A militant group in Nigeria's oil-rich Niger Delta area has claimed responsibility for a bomb attack at an oil pipeline. The Niger Delta Avengers (NDA) said they bombed a Chevron Nigeria Limited, CNL, offshore Export Pipeline at Escravos, in the Delta State, at about 3.45 am on 25 October.

"This action is to further warn all IOCs [International Oil Companies] that when we warn that there should be no repairs pending negotiation/dialogue with the people of the Niger Delta, it means there should be no repairs," the group said in a statement.

"Ant attempt to use dialogue to distract us so as to allow the free flow of our oil will halt the dialogue process."

The latest attack came weeks after President Muhammadu Buhari announced the Nigerian government and oil companies in the country were seeking to make contact with leaders of militant groups in the Delta.

Attacks blamed on the (NDA) , which emerged earlier this year, have brought Nigeria's oil production to a 30-year low. The group, which says it fights to end disenfranchisement of impoverished communities in the Delta and obtain greater shares of oil revenues, vowed to bring the country's oil production down "to zero".

In September, vice-president Yemi Osinbajo claimed the country now loses over one million barrels of crude oil on a daily basis.

Nigeria currently produces 1.9m bpd (barrels per day).

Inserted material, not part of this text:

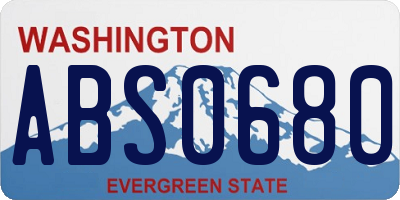 WA license plate ABS0680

As a result, it is no longer Africa's biggest oil producer, a title now held by Angola.

Earlier this year, South Africa regained the title of Africa's largest economy, a position held by Nigeria for the past two years.

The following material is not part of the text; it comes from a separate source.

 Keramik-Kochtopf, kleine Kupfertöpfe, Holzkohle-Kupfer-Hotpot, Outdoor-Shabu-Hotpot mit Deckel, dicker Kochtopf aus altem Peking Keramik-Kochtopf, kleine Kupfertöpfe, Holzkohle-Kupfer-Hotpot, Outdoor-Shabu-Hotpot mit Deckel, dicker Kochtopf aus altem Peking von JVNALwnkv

In August, the government and militant groups in the volatile Delta agreed on a month-long ceasefire. After repeatedly discrediting government claims that a ceasefire had been reached, the NDA reportedly agreed to a truce in August. However, the group has since resumed attacks.

Birth of militants in Niger Delta

Militant groups in the oil-rich Niger Delta region took hold in the early 2000s following the deterioration of living conditions blamed on the increase of oil-related activities by foreign corporations. Tensions flared up in local communities as some ethnic groups felt they were being exploited and did not benefit from the crude oil on their land.

The repeated oil spills that considerably damaged the environment and hit people's health further deepened communities' frustrations. After being elected in 2015, Buhari extended a 2009 amnesty granted to 30,000 former militants in the area.